Recorded data

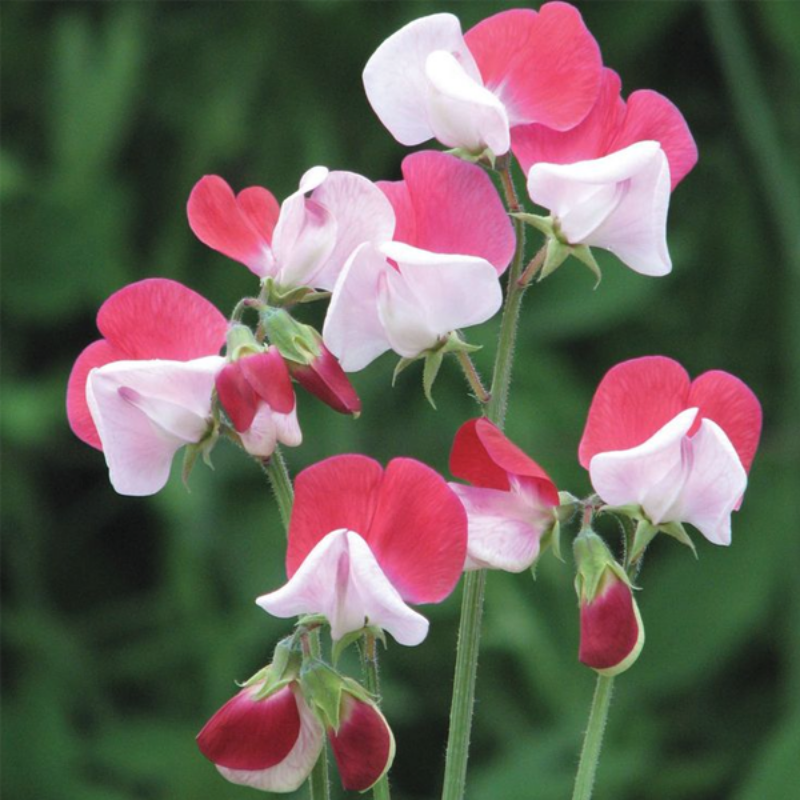 Red Sweet Pea Flower Seeds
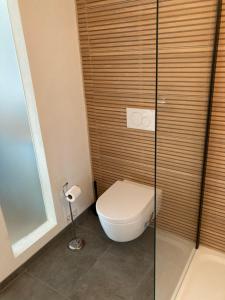 a bathroom with a toilet and a glass shower at Außergewöhnliches Apartment in bester Lage in Biberach an der Riß +3 photos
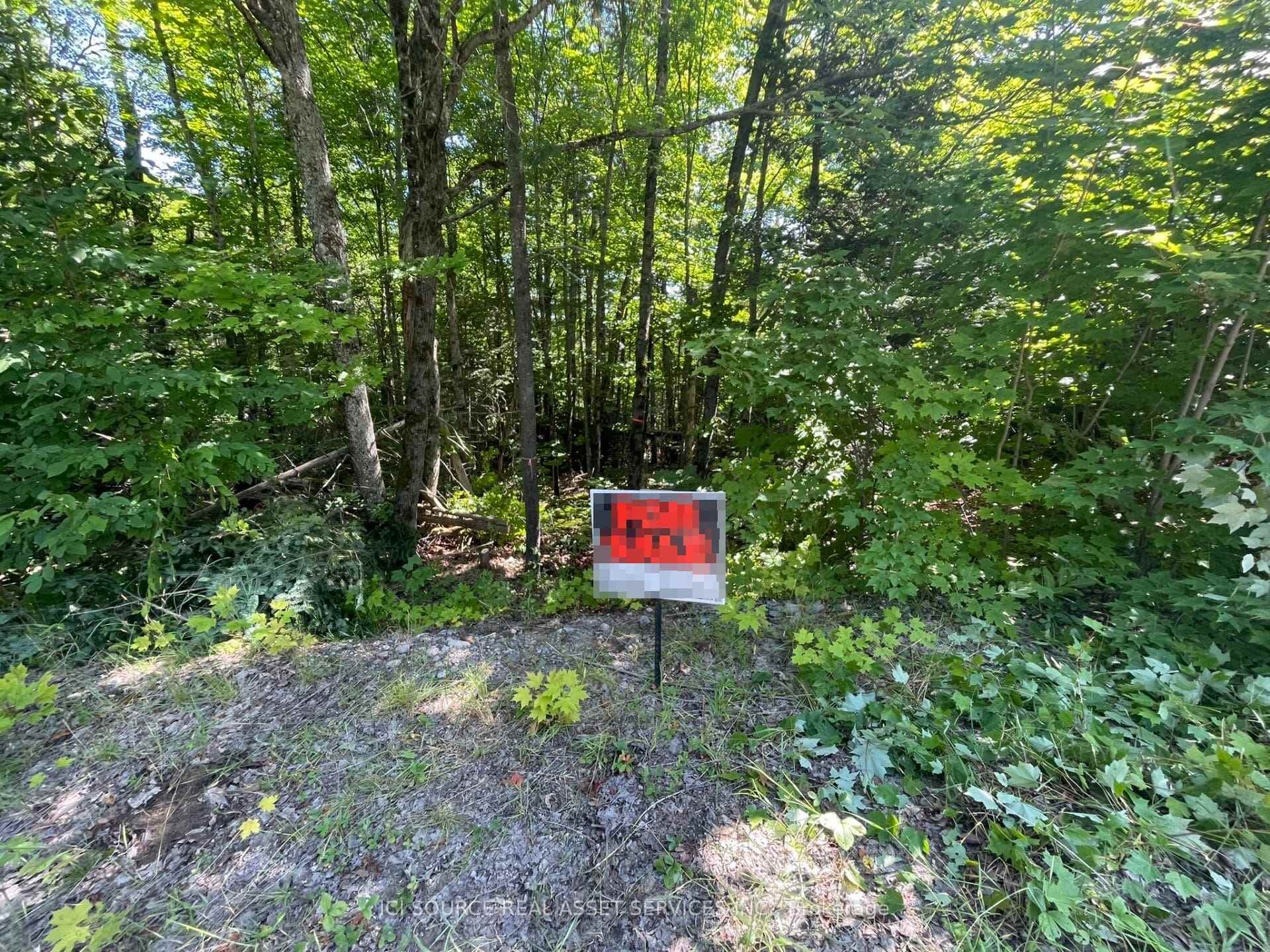 00 Rye Road Unit Part 2, South River, ON P0A 1X0 - Photo 1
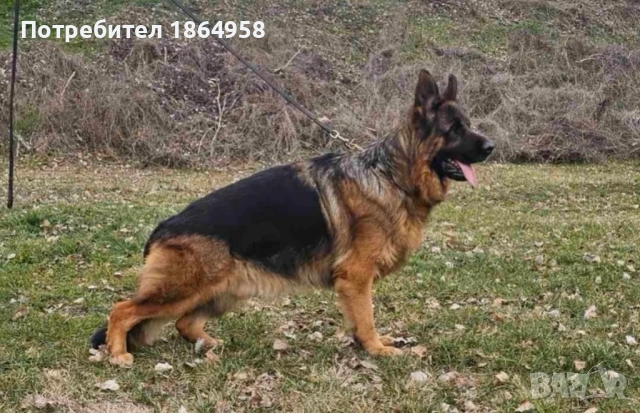 Немски Овчарски Кучета Доставка, снимка 5 - Немска овчарка - 53997823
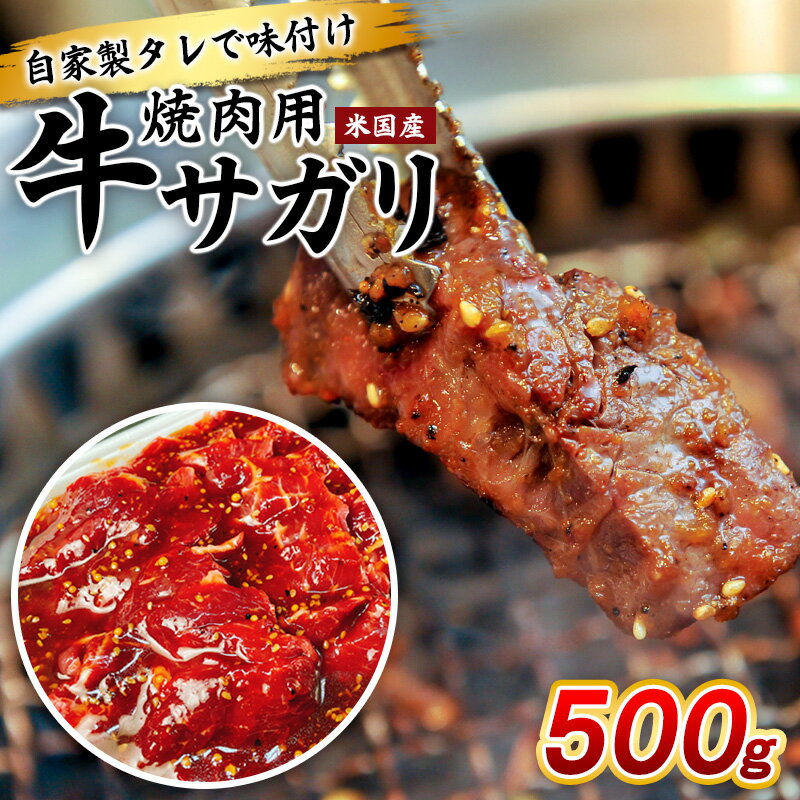 【ふるさと納税】自家製タレで味付け焼肉用牛サガリ(米国産)500g FY25-236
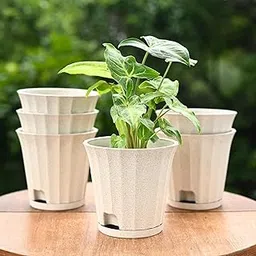 Eha Earth Friendly Ace 5 inch Small Self Watering Pots for Indoor Plants | Set of 6 | Plant Pot Made with Bamboo Fibers | Table Top Planters for Home Decor, Flower Pot for Living Room | Sand Castle-image-2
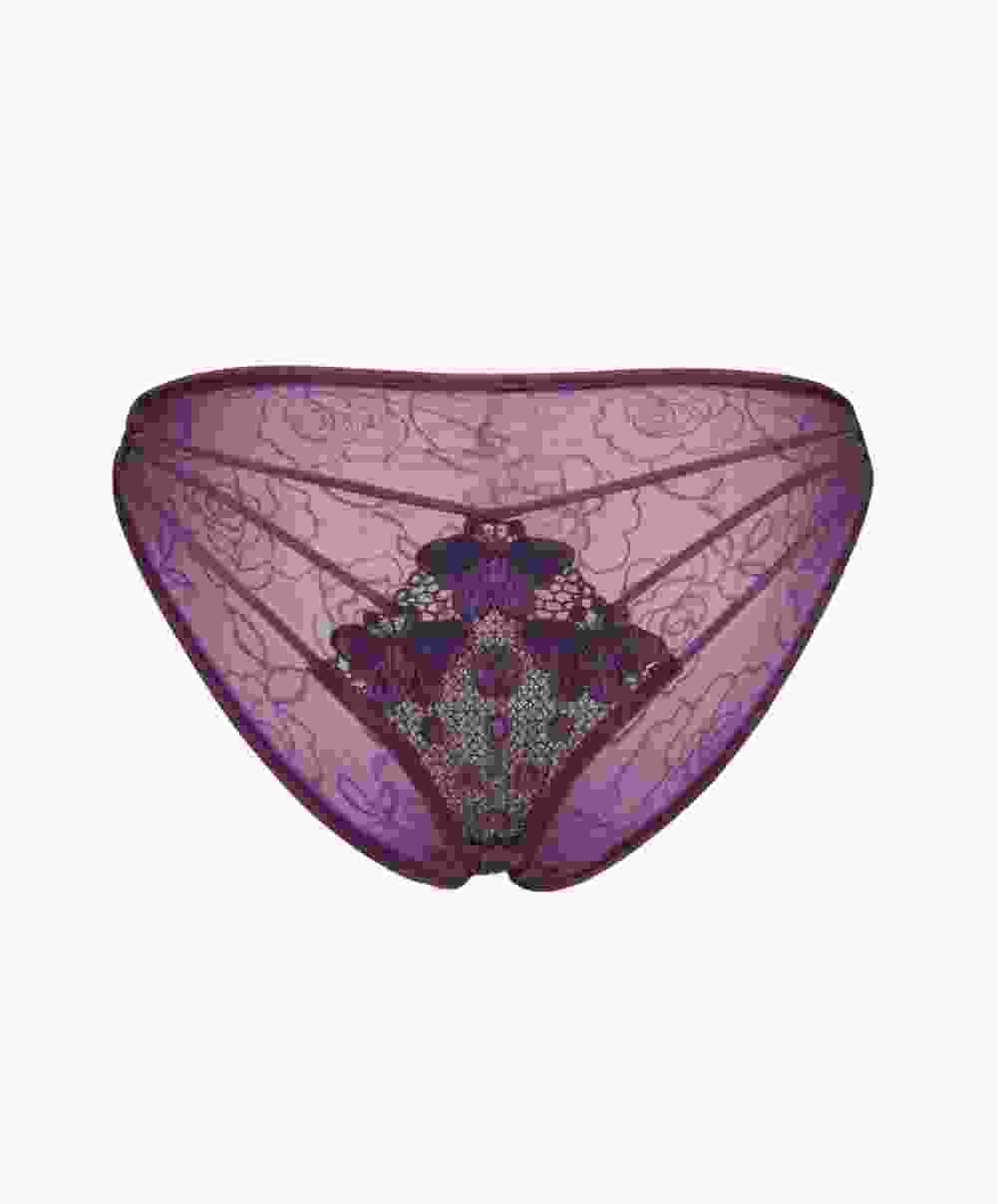 Embroidery Mesh Lingerie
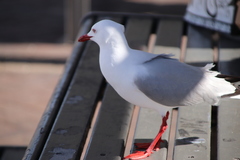 Chroicocephalus novaehollandiae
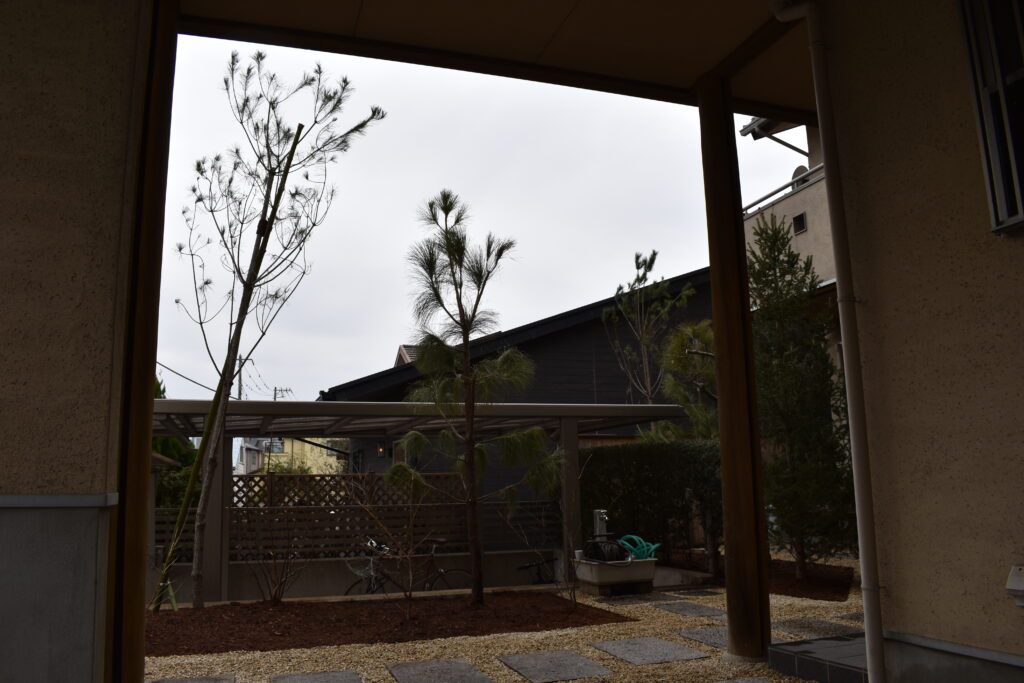 赤松とストローブ松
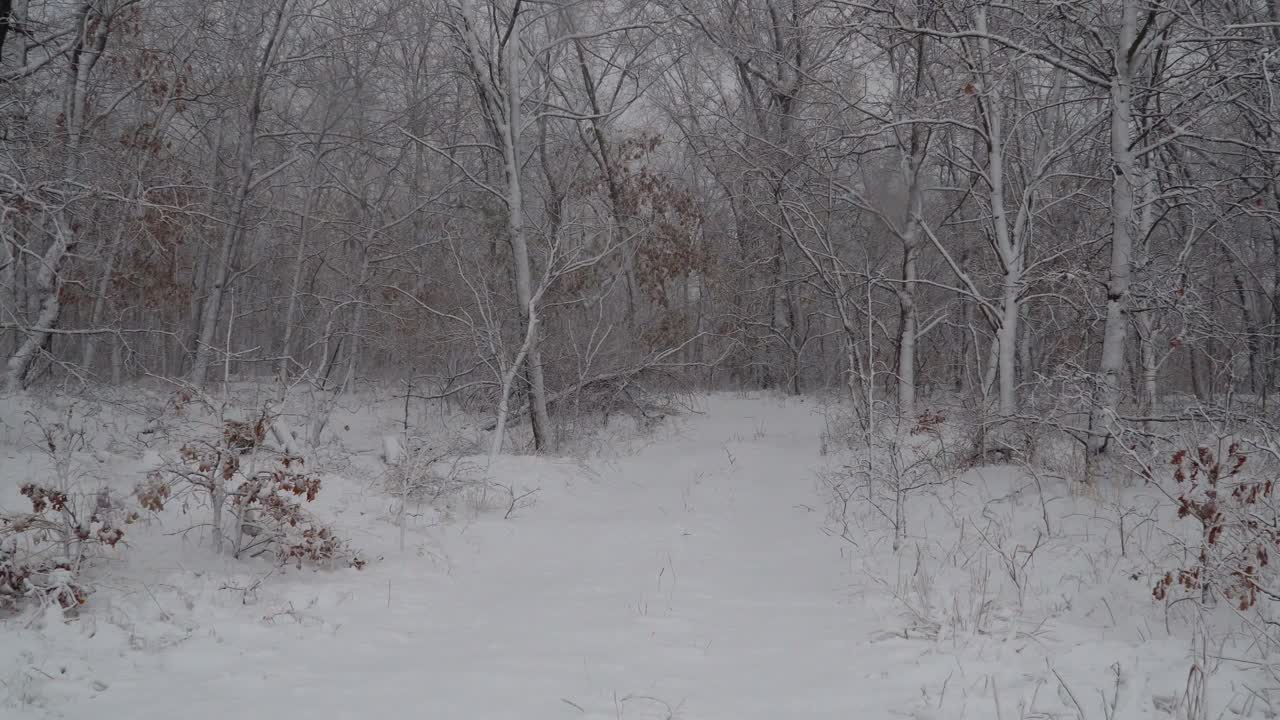 冬日的小路上，一片被暴风雪覆盖的森林视频素材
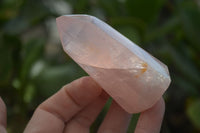 Polished Rose Quartz Points x 12 From Madagascar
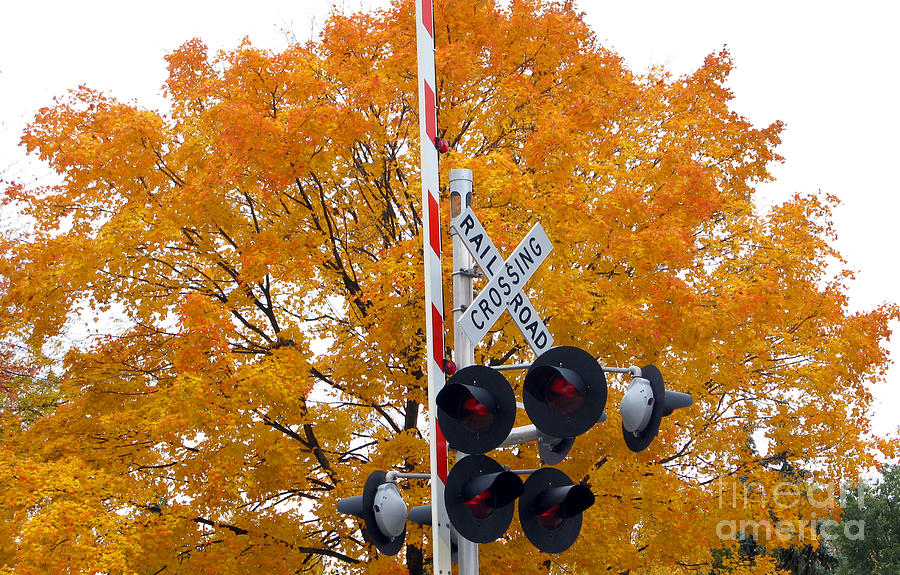 Fall Color at Railroad Crossing  5636 Photograph by Jack Schultz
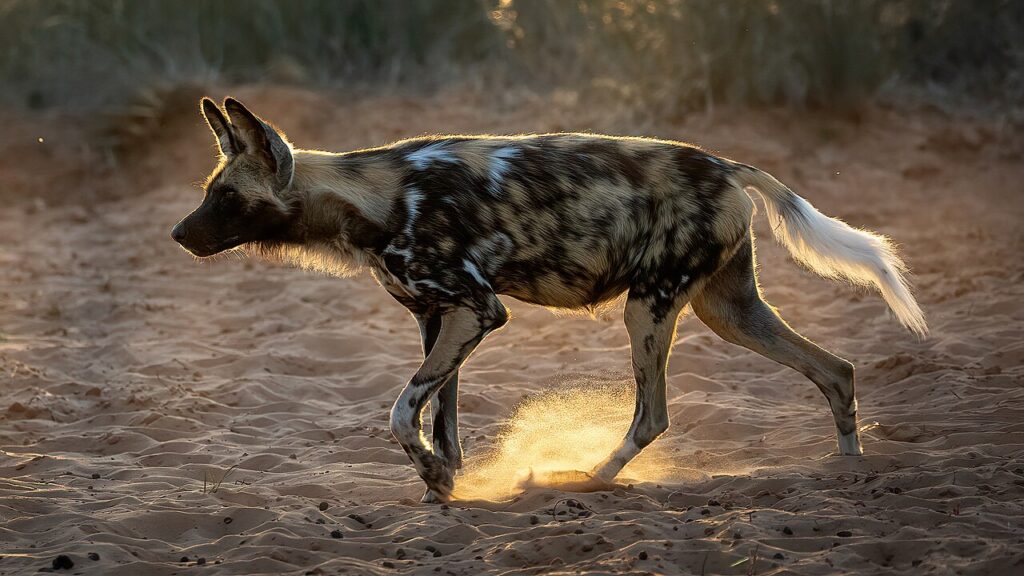 African Wild Dogs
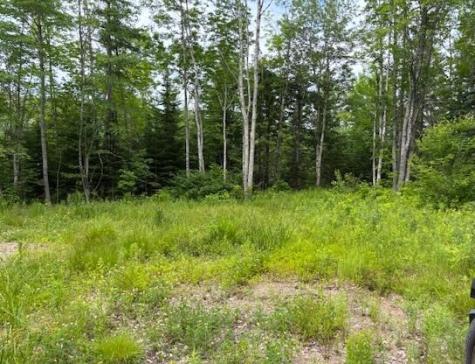 X Cooper Highway Cooper ME 04657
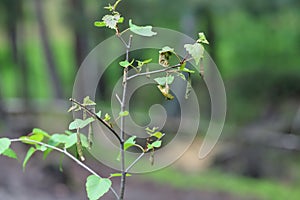 Birch Leaf-roller or Birch Leafroller (Deporaus betulae, Deporaus populi), leaf roll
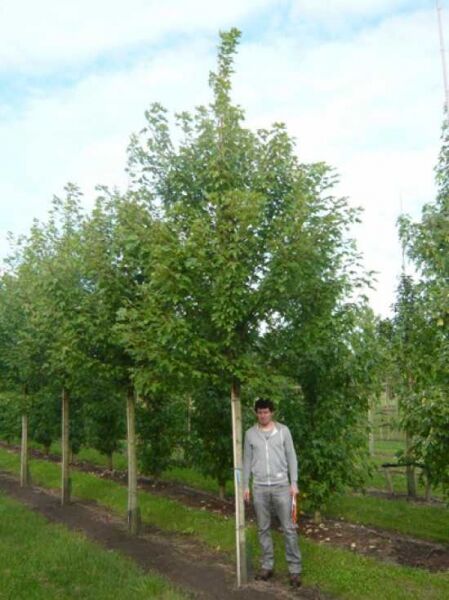 Rot-Ahorn (Acer freemanii) 'Autumn Blaze' Hochstamm 30-35 StU mit geradem Stamm und grüner, dichter Krone in Baumschule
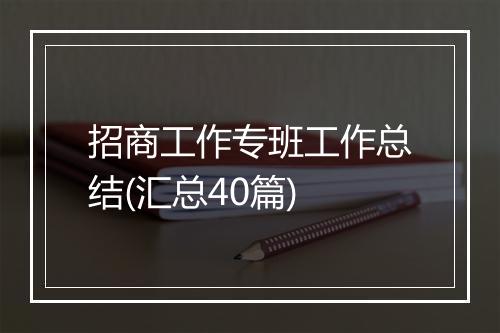 招商工作专班工作总结(汇总40篇)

--- TASK DETAILS ---
The pictures stay out; repeat exactly the lines from the one with "冬日的小路上，一片被暴风雪覆盖的森林视频素材" to the end of the entries above, and nothing else.

--- ANSWER FOR THIS EXERCISE ---
 冬日的小路上，一片被暴风雪覆盖的森林视频素材
 Polished Rose Quartz Points x 12 From Madagascar
 Fall Color at Railroad Crossing  5636 Photograph by Jack Schultz
 African Wild Dogs
 X Cooper Highway Cooper ME 04657
 Birch Leaf-roller or Birch Leafroller (Deporaus betulae, Deporaus populi), leaf roll
 Rot-Ahorn (Acer freemanii) 'Autumn Blaze' Hochstamm 30-35 StU mit geradem Stamm und grüner, dichter Krone in Baumschule
 招商工作专班工作总结(汇总40篇)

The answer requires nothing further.